– Wilkerson dijo lo mismo. Me confesó que usted lo quería muerto, que le había mentido, que lo había utilizado. Era un hombre débil, almirante. Pero me contó lo que le había dicho usted a mi hija. ¿Cuáles fueron las palabras? «Ni se lo imagina.» Eso es lo que dijo usted cuando ella le preguntó si había algo que encontrar en la Antártida. De modo que responda a mi pregunta: ¿por qué murió mi esposo?
Esa mujer pensaba que llevaba las de ganar, para llamarlo en mitad de la noche e informarle de que su jefe de sección había muerto. Era audaz, sí, pero se hallaba en desventaja, ya que él sabía mucho más que ella.

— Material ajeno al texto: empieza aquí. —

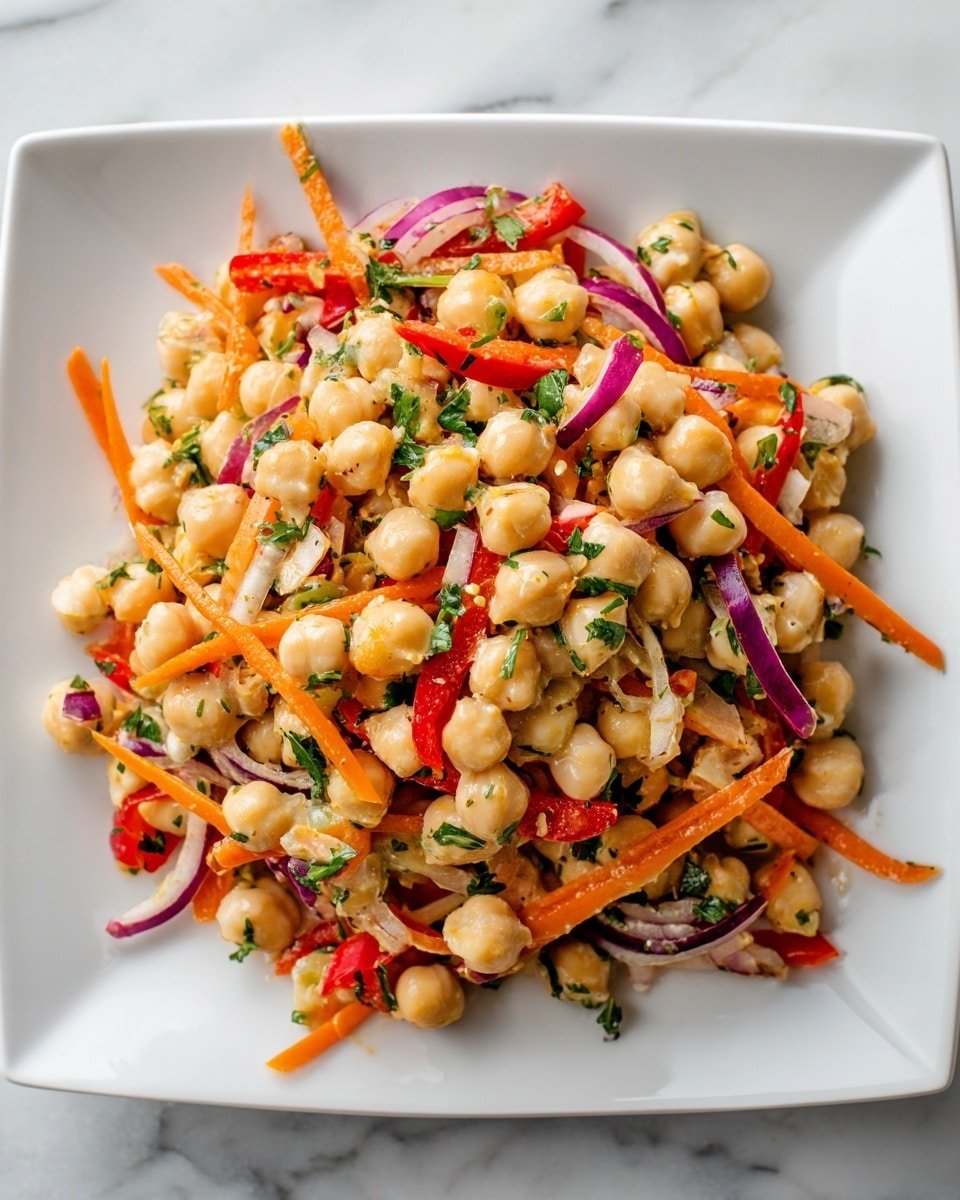 The image shows a close-up of a colorful chickpea salad served on a white square plate. The salad has one main layer with creamy beige chickpeas scattered throughout, mixed with thin strips of bright orange carrots, red bell peppers, sliced purple onions, and chopped green cilantro, all evenly spread. The salad looks fresh with a slight shine, indicating a light dressing. The plate is placed on a white marbled surface. The photo taken with an iphone --ar 4:5 --v 7 — Crunchy Thai Chickpea Salad, Thai chickpea salad, healthy chickpea salad, vegan Thai salad, easy Thai salad recipe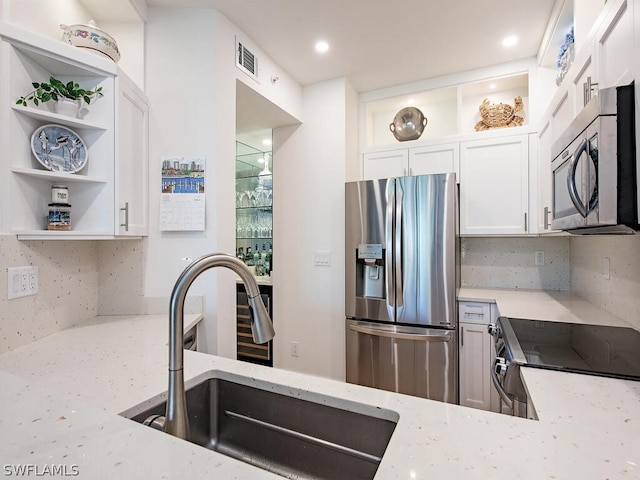 kitchen with decorative backsplash, light stone counters, stainless steel appliances, sink, and white cabinets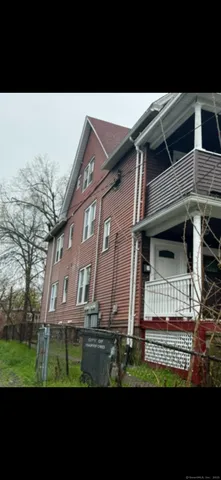 a view of backyard of house with a yard
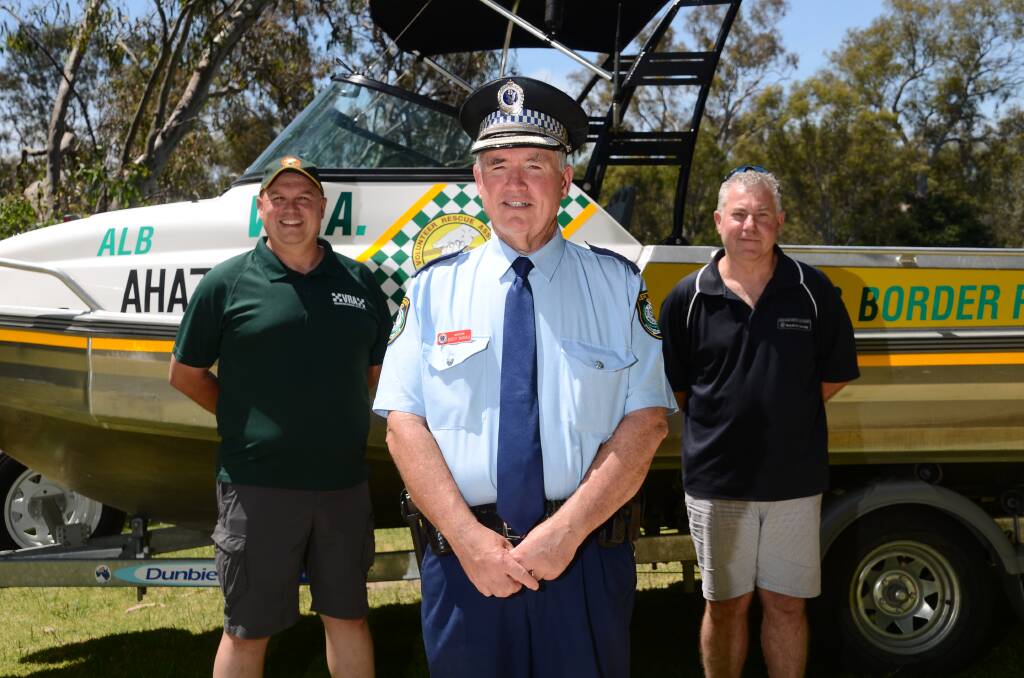 LAUNCH: Inspector Scott Russell, pictured centre with Paul Marshall and Mick Dassey, is urging people to take care on waterways this summer. Picture: BLAIR THOMSON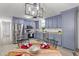 Open kitchen featuring stainless steel appliances, blue cabinets and a table for dining at 300 Oklahoma Pl, Ladson, SC 29456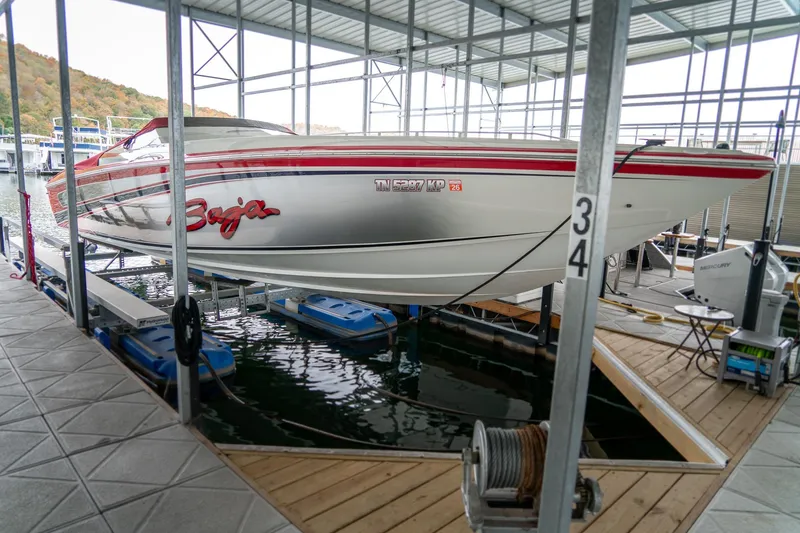 Slide: The Image of 2000 Baja 36 Outlaw speedboat docked in a covered marina. - 4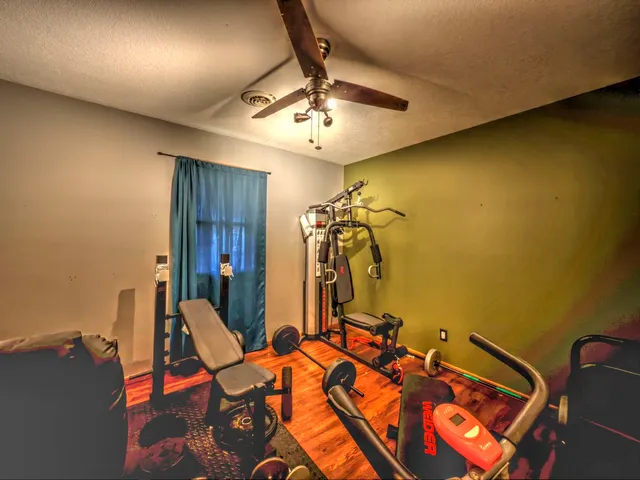 a very nice looking room with a dining table and a chandelier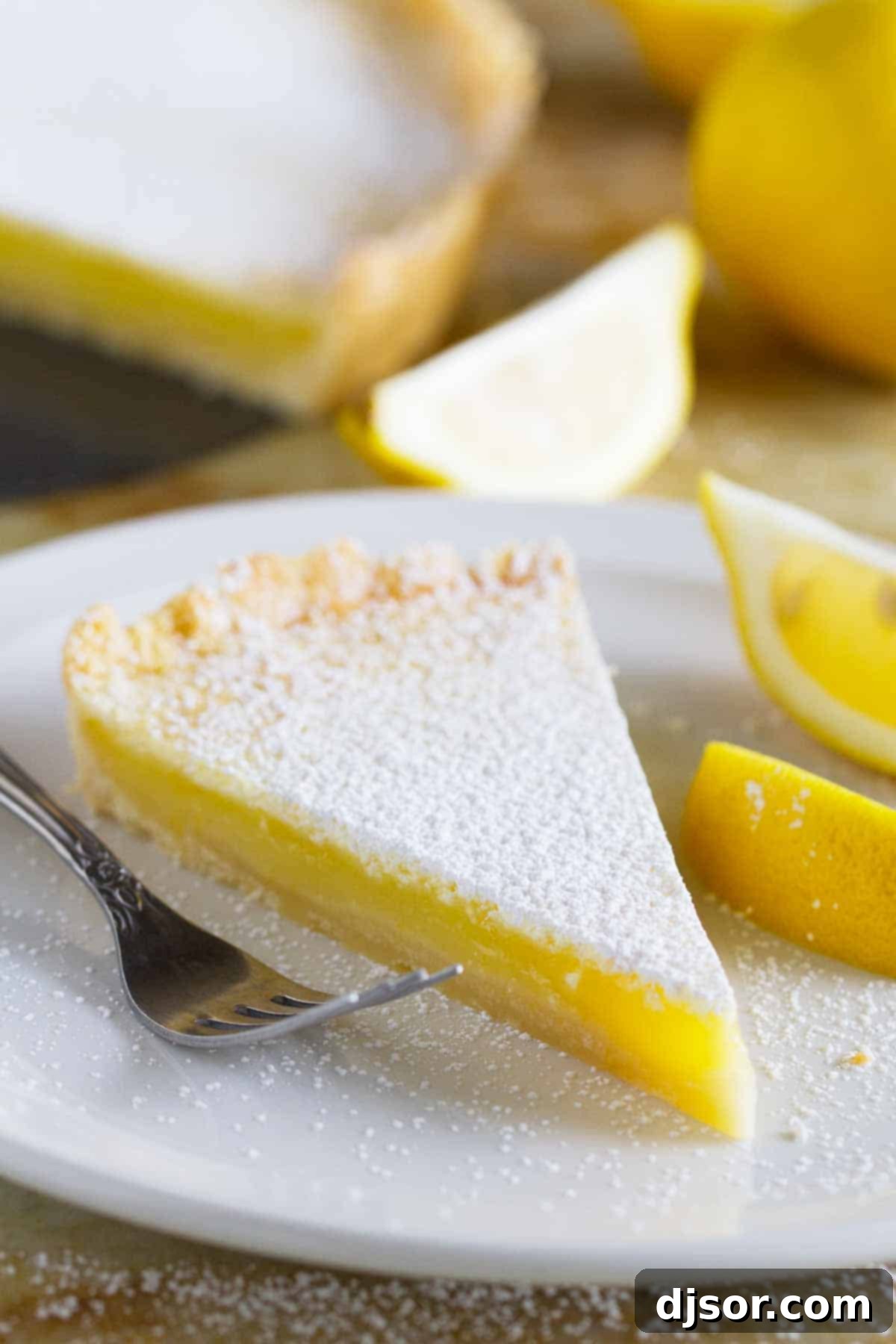 A perfectly sliced Shortbread Lemon Tart on a pristine white plate, showcasing its vibrant yellow filling and golden shortbread crust, ready to be enjoyed.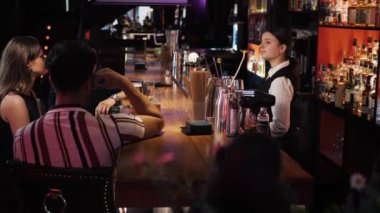 Genç bayan barmen, bira barında kutlama yapan üç çok ırklı arkadaşla konuşuyor. Orta boy.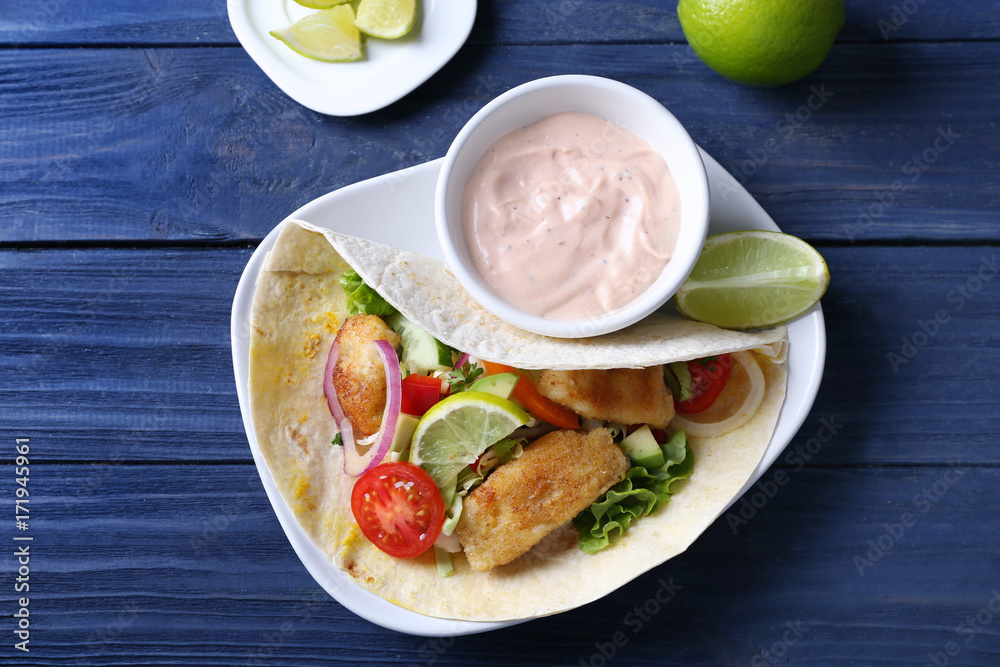Plate with tasty fish taco and sauce on wooden table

– Antes de que su marido fuese abordado por lo del viaje a la Antártida, tanto él como su padre fueron objeto de una exhaustiva investigación. Lo que despertó nuestro interés fue la obsesión que tenían los nazis con su investigación. Ah, sí, claro que encontraron cosas allí abajo en 1938, usted lo sabe. Por desgracia, los nazis eran demasiado inflexibles para comprender lo que habían hallado, e hicieron callar a su suegro. Cuando éste por fin pudo hablar, después de la guerra, nadie escuchaba. Y su marido no fue capaz de averiguar lo que sabía su padre. Así que todo ello cayó en el olvido…, hasta que aparecimos nosotros, claro está.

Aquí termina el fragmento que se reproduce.